» DATA SUPPLIED
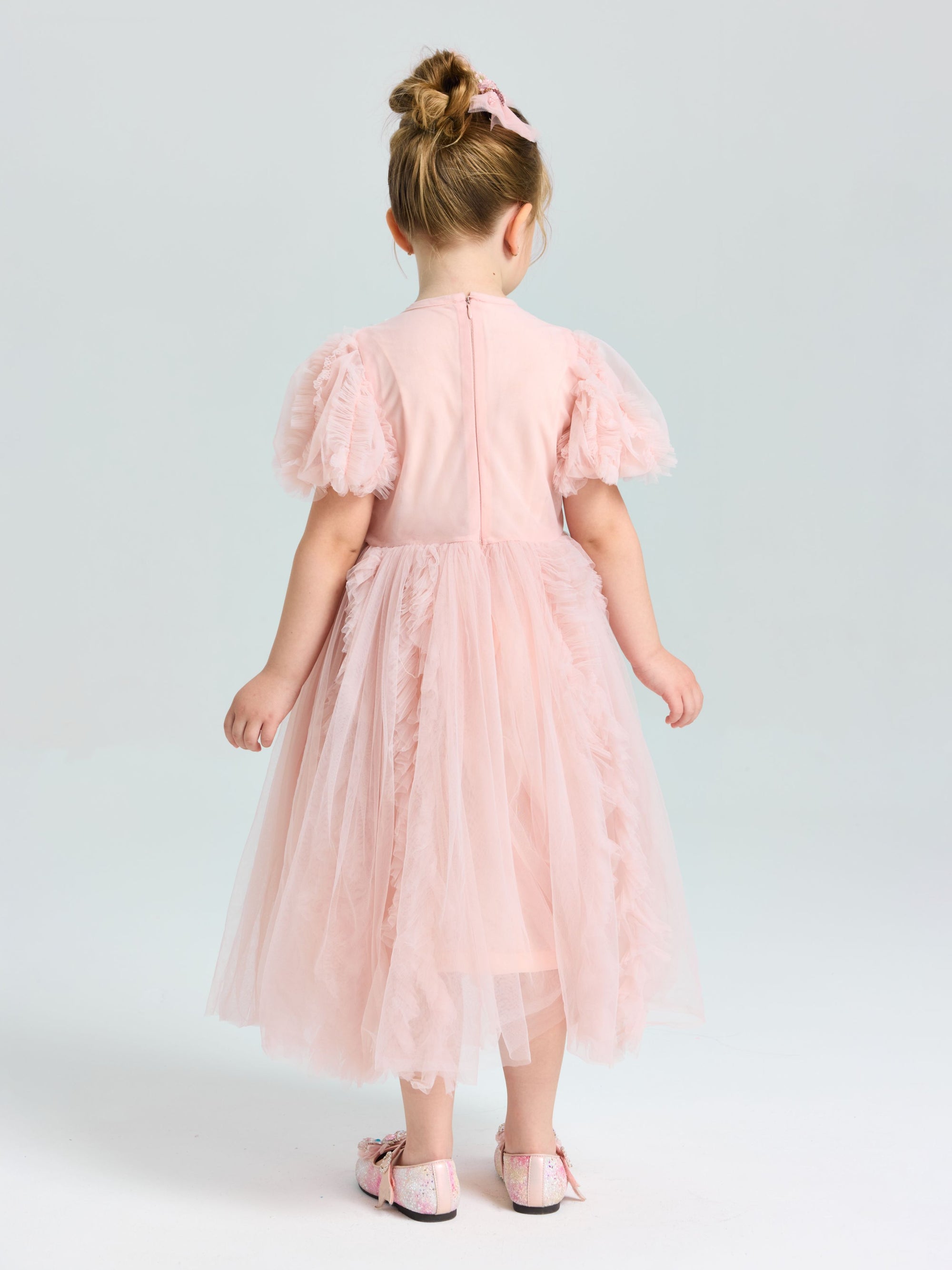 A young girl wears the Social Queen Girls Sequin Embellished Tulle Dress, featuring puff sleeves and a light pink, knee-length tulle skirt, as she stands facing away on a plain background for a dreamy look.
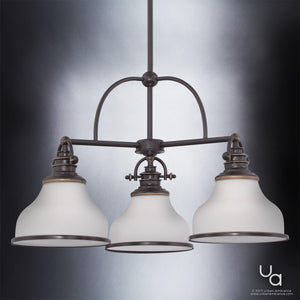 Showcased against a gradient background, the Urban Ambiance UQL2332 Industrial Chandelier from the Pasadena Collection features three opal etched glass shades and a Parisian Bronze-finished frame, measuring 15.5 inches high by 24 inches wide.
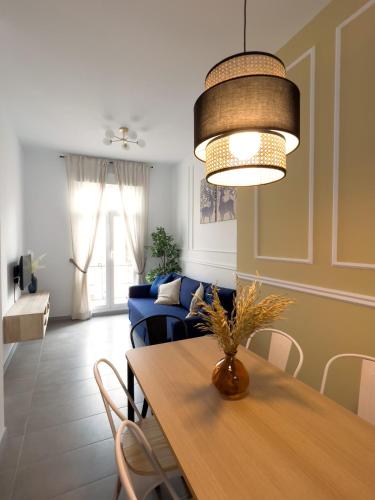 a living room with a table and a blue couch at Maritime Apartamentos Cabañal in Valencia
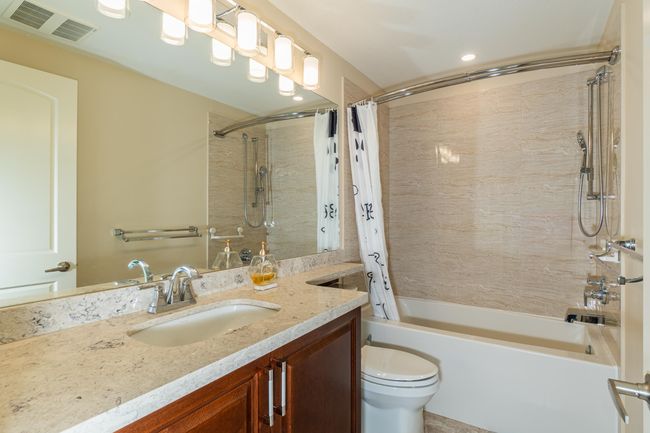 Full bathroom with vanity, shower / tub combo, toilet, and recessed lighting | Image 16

---

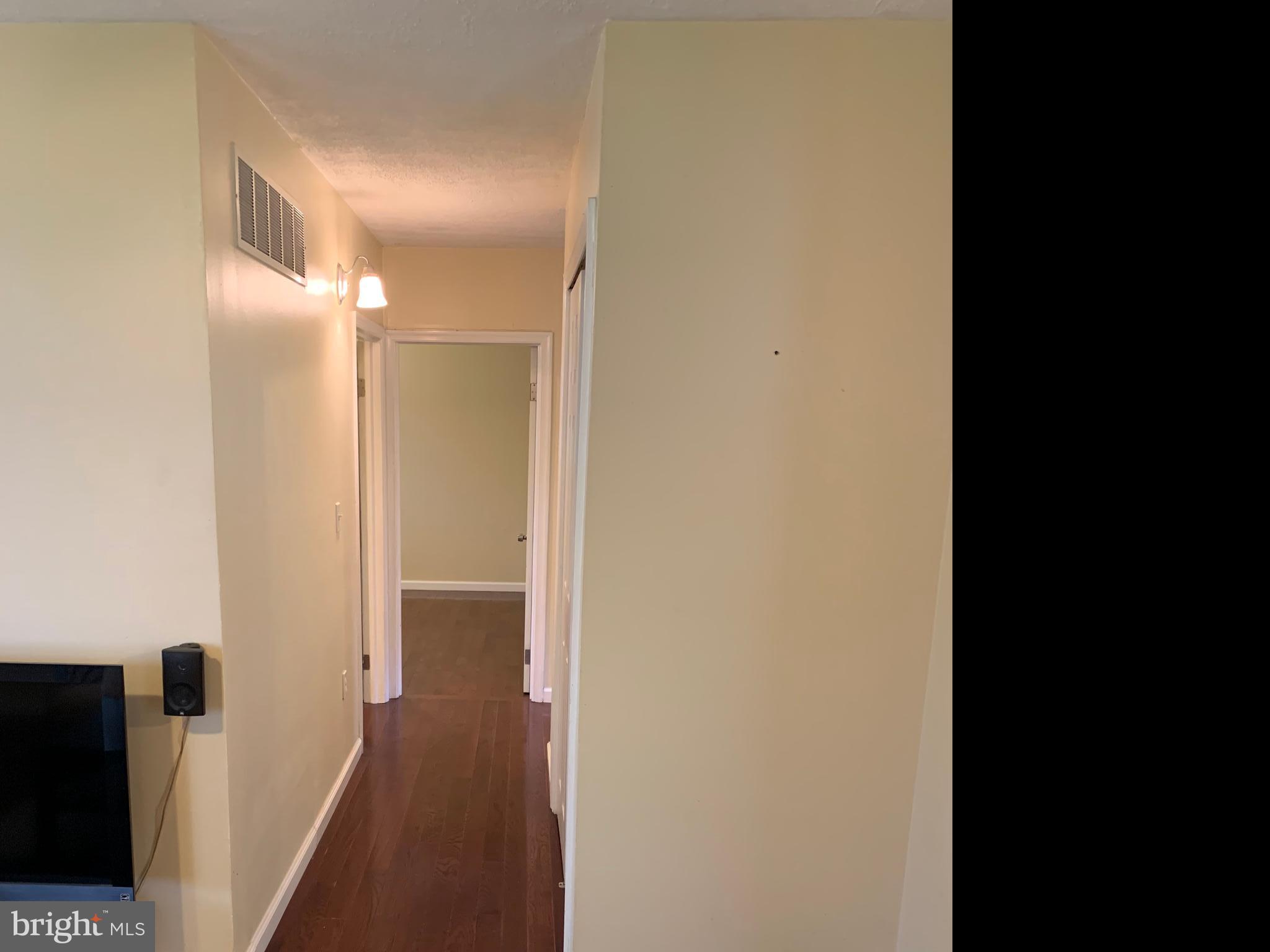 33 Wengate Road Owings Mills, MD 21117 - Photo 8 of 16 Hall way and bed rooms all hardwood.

» WORK INSTRUCTION
The answer is those lines of the material above that run from the one containing "A young girl" up to and including the one containing "Full bathroom with", restated exactly and without images.

» RESPONSE BOX
 A young girl wears the Social Queen Girls Sequin Embellished Tulle Dress, featuring puff sleeves and a light pink, knee-length tulle skirt, as she stands facing away on a plain background for a dreamy look.
 Showcased against a gradient background, the Urban Ambiance UQL2332 Industrial Chandelier from the Pasadena Collection features three opal etched glass shades and a Parisian Bronze-finished frame, measuring 15.5 inches high by 24 inches wide.
 a living room with a table and a blue couch at Maritime Apartamentos Cabañal in Valencia
 Full bathroom with vanity, shower / tub combo, toilet, and recessed lighting | Image 16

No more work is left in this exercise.